Spybot S&D fires up a few screens notifying that NT run/startup/open entries are going to be removed which I denied. Spooky!!!
Then I searched for issues in registry. That was the last thing I’ve done at night before shutdown. No Issues were found at hat time. This time there were 2 discrepancies missing DLL and ActiveX issue pointing here

[HKEY_CLASSES_ROOT\CLSID{E5ABEB00-B357-4884-9949-77B2C71A7EE3}]
@=“BoardCtl Class”
[HKEY_CLASSES_ROOT\CLSID{E5ABEB00-B357-4884-9949-77B2C71A7EE3}\InprocServer32]
@=“C:\WINDOWS\Downloaded Program Files\BoardID.dll”
“ThreadingModel”=“Apartment”
[HKEY_CLASSES_ROOT\CLSID{E5ABEB00-B357-4884-9949-77B2C71A7EE3}\ProgID]
@=“BoardID.BoardCtl.1”
[HKEY_CLASSES_ROOT\CLSID{E5ABEB00-B357-4884-9949-77B2C71A7EE3}\Programmable]
[HKEY_CLASSES_ROOT\CLSID{E5ABEB00-B357-4884-9949-77B2C71A7EE3}\TypeLib]
@=“{A291304A-A32B-43E3-9837-E736DCD49420}”
[HKEY_CLASSES_ROOT\CLSID{E5ABEB00-B357-4884-9949-77B2C71A7EE3}\VersionIndependentProgID]
@=“BoardID.BoardCtl”

So it looks like some components belonging to my new Intel Mobo were deleted.
The only hope is that the location is “downloaded files” and whatever I installed still working. Am I sure? … NOT Really… (:SAD)
Thanks

Hey,

There is more info about this issue here:

[b]https://forums.comodo.com/index.php/topic,9036.0.html[/b]

SD.

(CNY)

Thank you for the update fix.
All is well for me now. (:CLP)

Hey,

Just got my update at 6 am (UK time) and this looks like it has sorted that issue out.

Well done to Comodo but maybe next time could it be a bit quicker??

SD.

(CNY)

when you say that “the Location of startup: FILE/STARTUP message keeps coming back”, what do you mean? where are you seeing this message?

from your post, it sounds like there was a conflict between spybot’s “teatimer” and BOC’s cleaning… maybe your not allowing BOC’s cleaning to run properly created a problem…

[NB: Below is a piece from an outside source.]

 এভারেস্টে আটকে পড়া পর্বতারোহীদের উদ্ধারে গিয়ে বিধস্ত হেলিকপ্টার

if you want to let BOC’s cleaning fully run and see if that straightens out the problem, you can run GRC’s “leaktest” and then let BOC do its cleaning, with spybot’s “teatimer” disabled, so that it doesn’t interfere with BOC’s cleaning… however, it is possible that c-boc 4.23 could trash your “winsock”, unless you have BOC set to not clean winsock…

if BOC trashes your “winsock”, you could try repairing it… to repair “winsock”, use “command prompt” and type “netsh winsock reset catalog” (minus quotations) and then press “enter”…

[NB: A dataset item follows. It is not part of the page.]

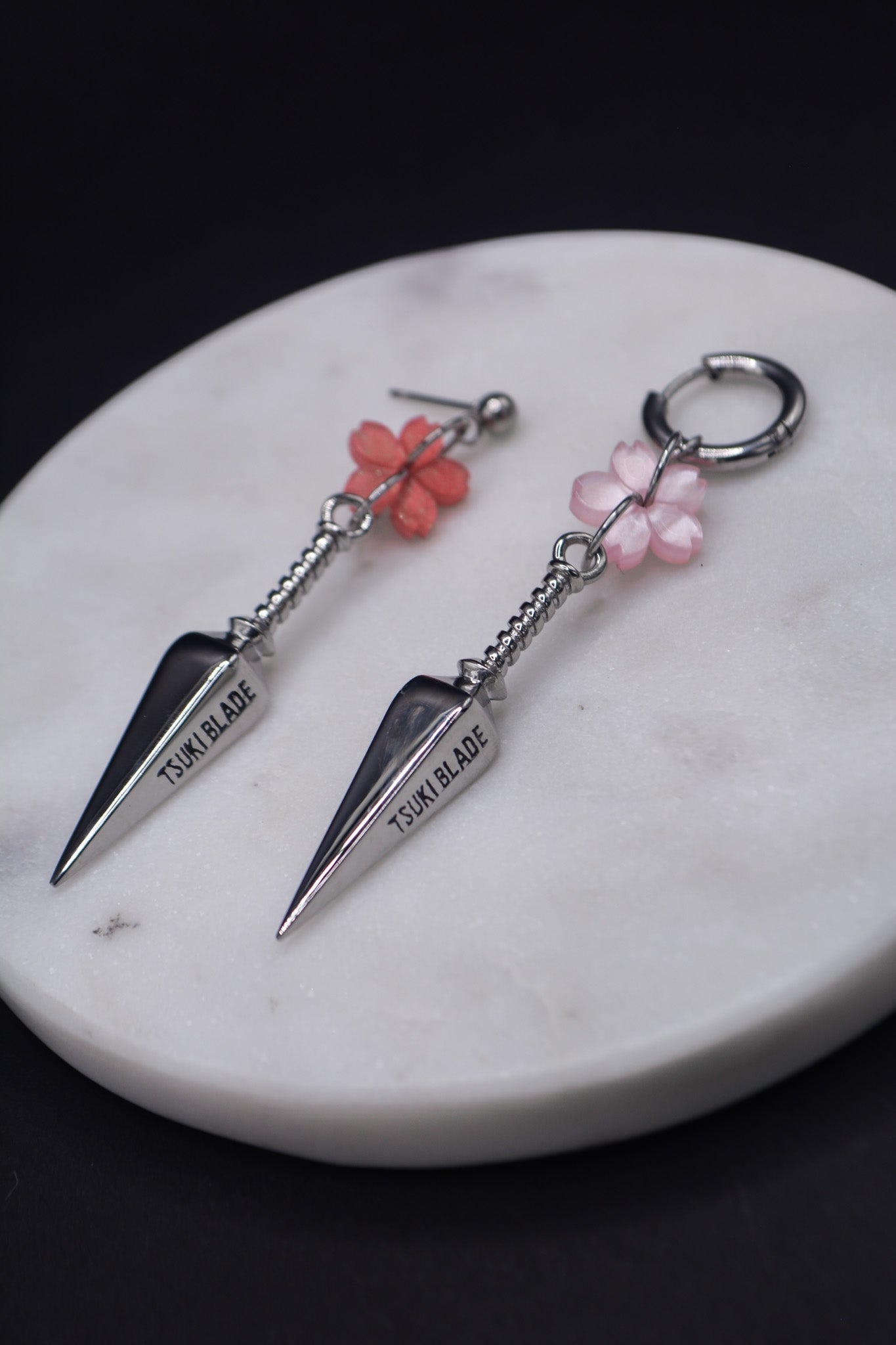 Kunai Sakura Earrings - Tsuki Blade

the intel motherboard thing that was “deleted” was an activex control that i pressume you downloaded from the intel website, for identifying what motherboard you have… if you want to restore the intel activex control, go back to the intel website and download the activex control, again…

personally, i disable all of BOC’s cleaning-options so that it does not remove my HOSTS file or my activex controls, or strip my settings in IE, however that might not be a good idea, for others…

RedNose: I actually was NOT responsible for that (:WAV)

Moderation(Unpaid-Volunteer) is a very hard job, decisions must be made and lines drawn. Not everyone is going to agree with the lines drawn and decisions made.